### Work required
Output exactly the lines from the line that has "2pcs Heavy Duty" through the last line of the data below, with no pictures.

### Records for this exercise
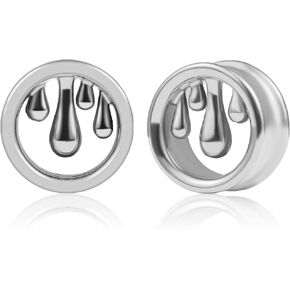 2PCS 316L Stainless Steel Water Drop Ear Gauges Tunnels Expander Piercing Women Body Jewelry Flower Plugs Stretcher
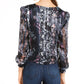 INC Iternational Concepts Women's Printed Tie Hem Blouse Dark Blue Size -Petite L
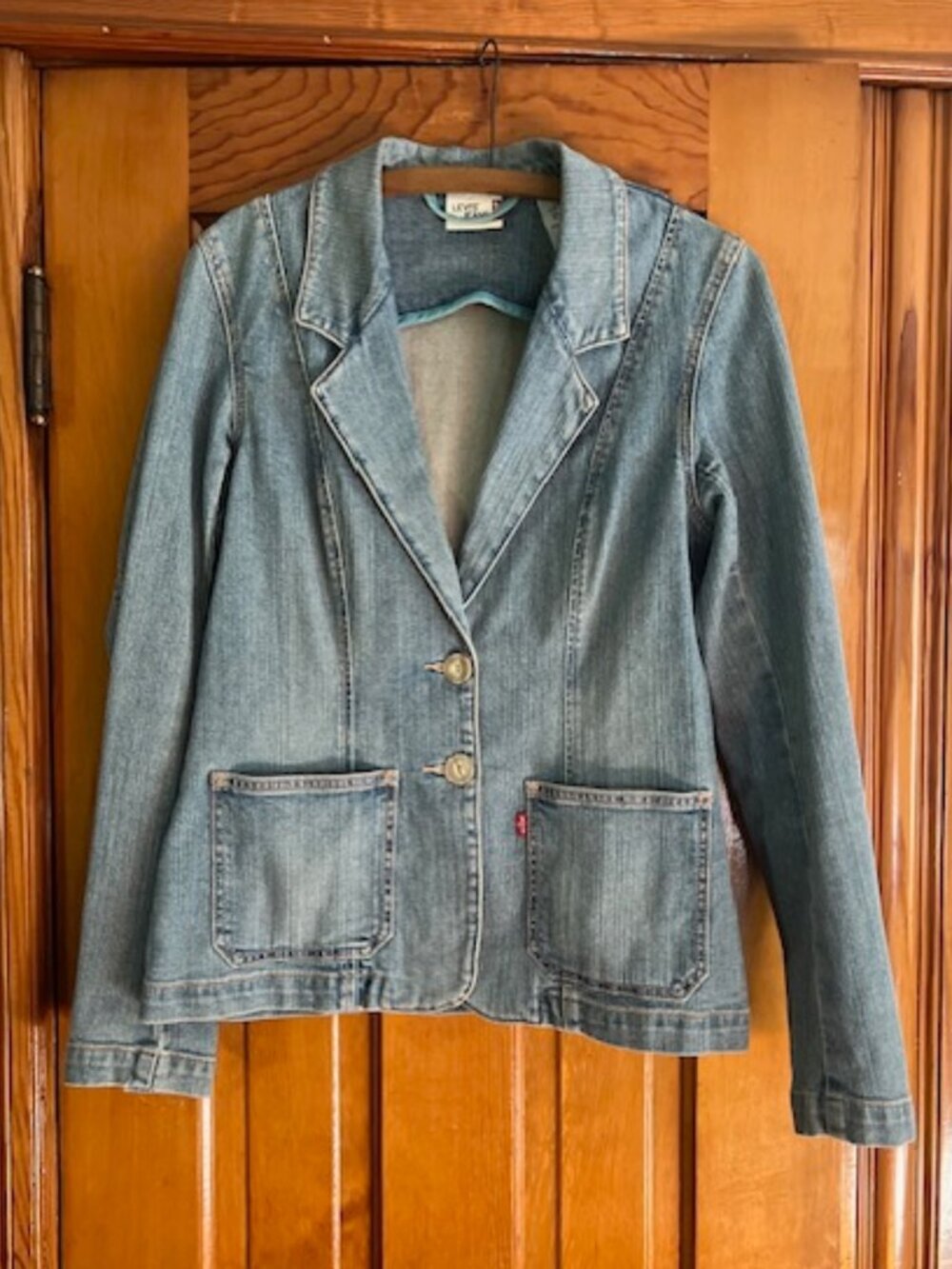 VINTAGE Levi's Tailored Denim Y2K Jean Fitted  Blazer Jacket Women's Medium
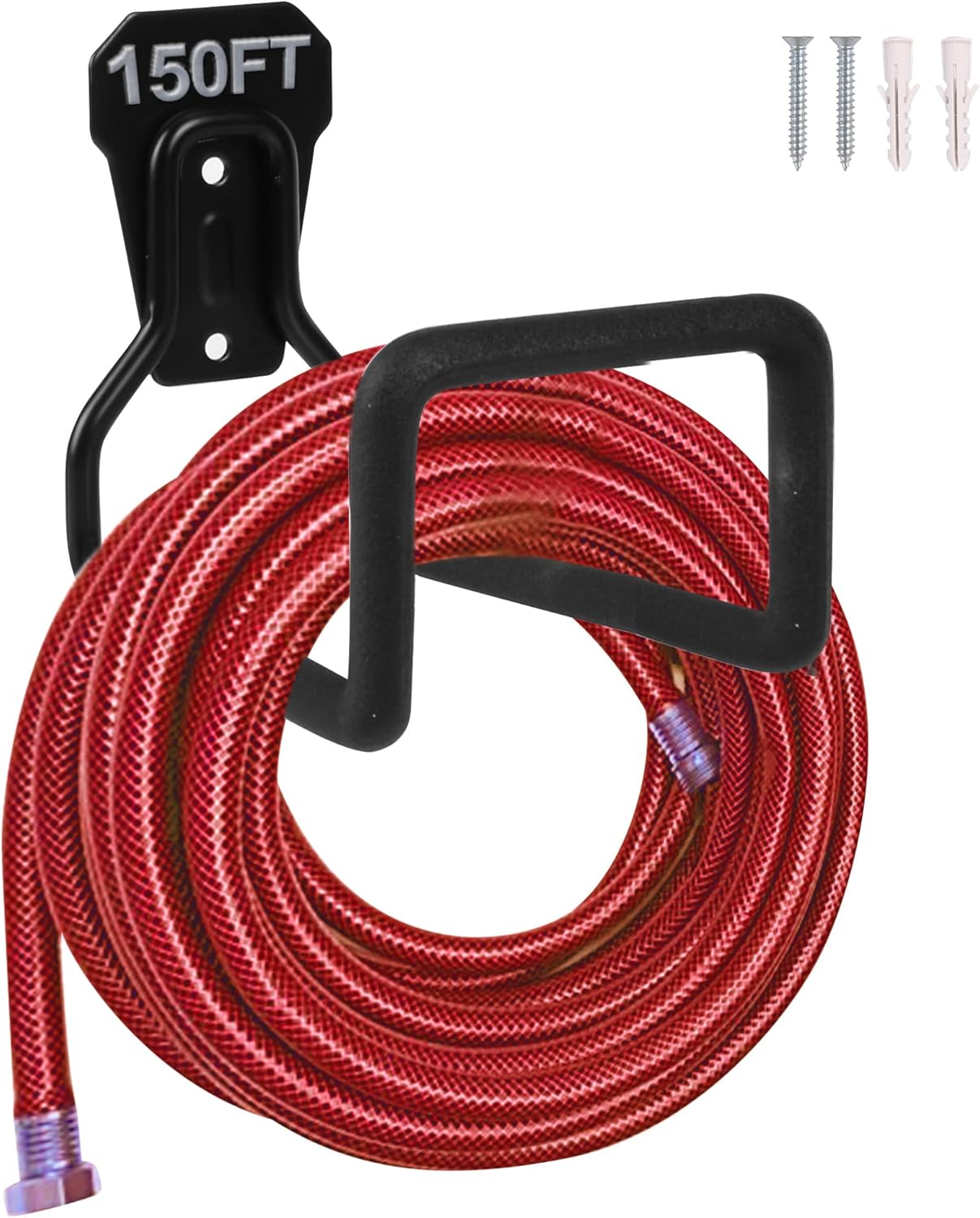 2pcs Heavy Duty Hose Hanger Garden Hose Storage Black Water Hose Holders for Outside Wall Mount Garden Hose Reel Hose Stand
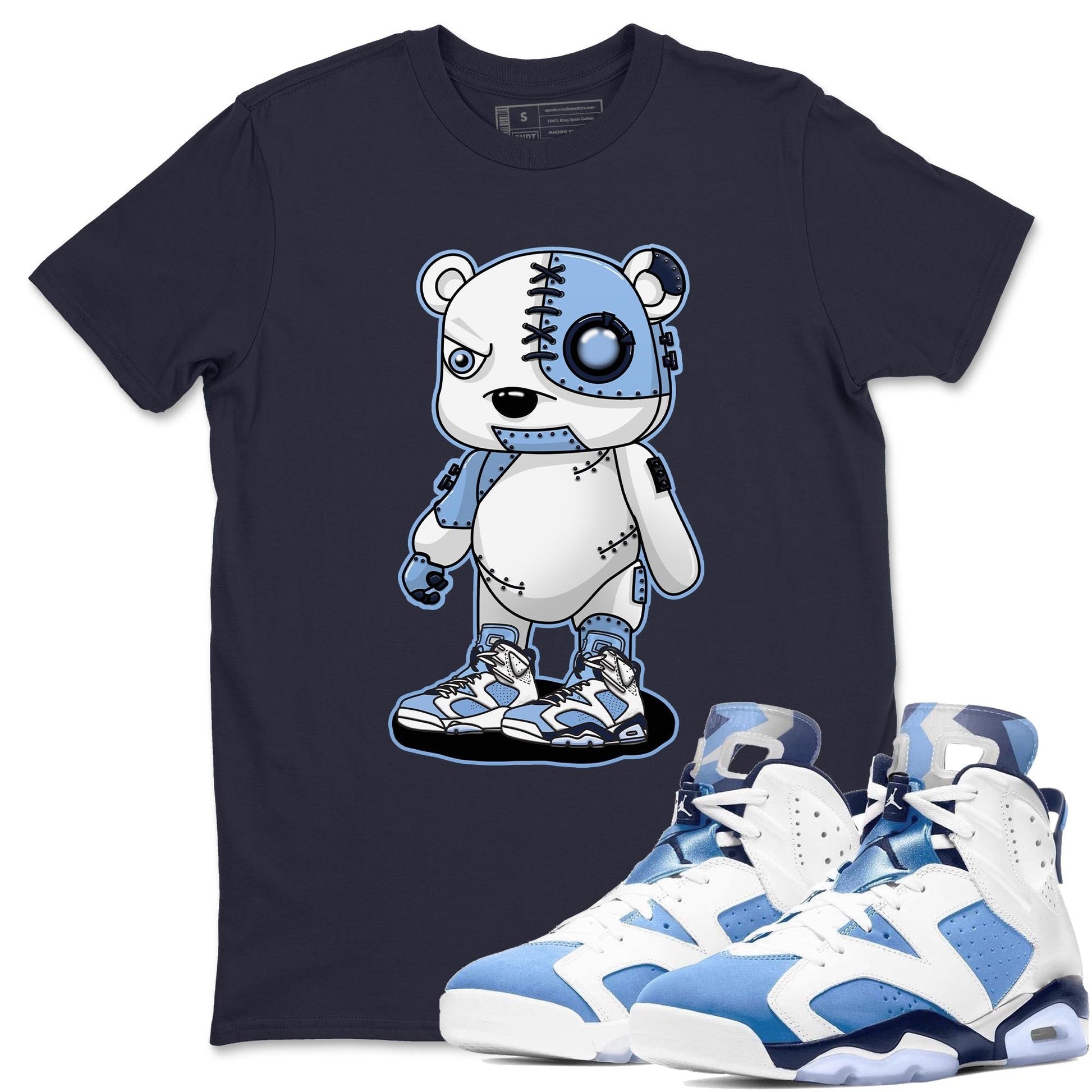 Jordan 6 UNC Sneaker Match Tees Cyborg Bear Sneaker Tees Jordan 6 UNC Sneaker Release Tees Unisex Shirts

### Written answer
 2pcs Heavy Duty Hose Hanger Garden Hose Storage Black Water Hose Holders for Outside Wall Mount Garden Hose Reel Hose Stand
 Jordan 6 UNC Sneaker Match Tees Cyborg Bear Sneaker Tees Jordan 6 UNC Sneaker Release Tees Unisex Shirts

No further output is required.